Os informes chegaram até a Polícia Federal (PF). Com o telefone celular de uma jornalista que recebeu a mesma mensagem, peritos conseguiram chegar até o autor dos torpedos telefônicos em menos de 15 minutos. ''A cidade viveu momentos de terror. Todos andavam pelas ruas com medo, imaginando o que iria ocorrer no dia 10. Espalhar pânico é uma espécie de contravenção penal'', explicou o investigador Arthur Almeida, assessor da PF.
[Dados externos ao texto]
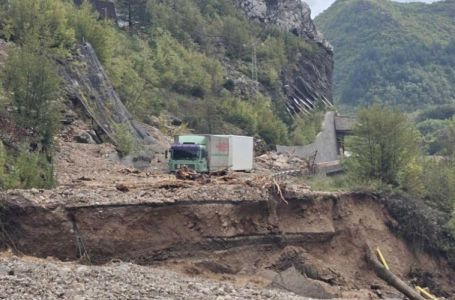 Ispovijest vozača kamiona koji je preživio odron: "Čekao sam u kamionu cijelu noć"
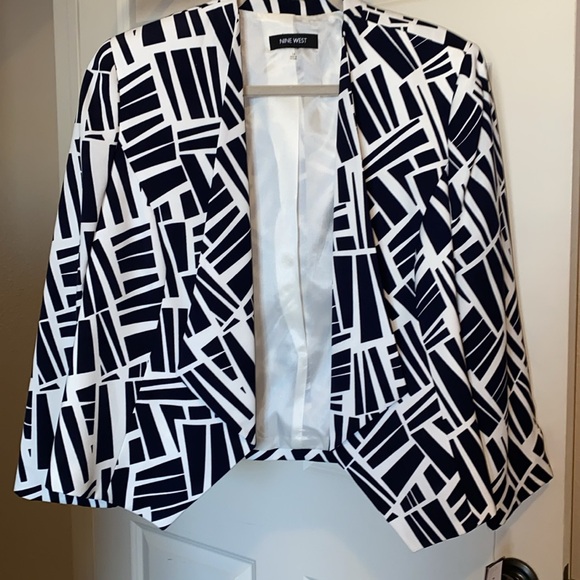 Nine West NWT ๐ printed jacket navy/ivory Arty Essentials, fullly lined - Picture 2 of 5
As escolas já pensavam em paralisar os desfiles programados para sábado, data do aniversário de Foz. Na mensagem verificada pela PF havia o informe de que um grande acidente destruiria parte do município com a explosão da Itaipu Binacional. Setenta e cinco toneladas de dinamite seriam usadas no desastre. ''O boateiro foi identificado e preso. Mas já está livre, mediante pagamento de fiança.'' A.A.A, 21 anos, terá que responder por contravenção penal por criar ''falso alarme''. Ele deverá ter que cumprir pena de prestação de serviços para a comunidade.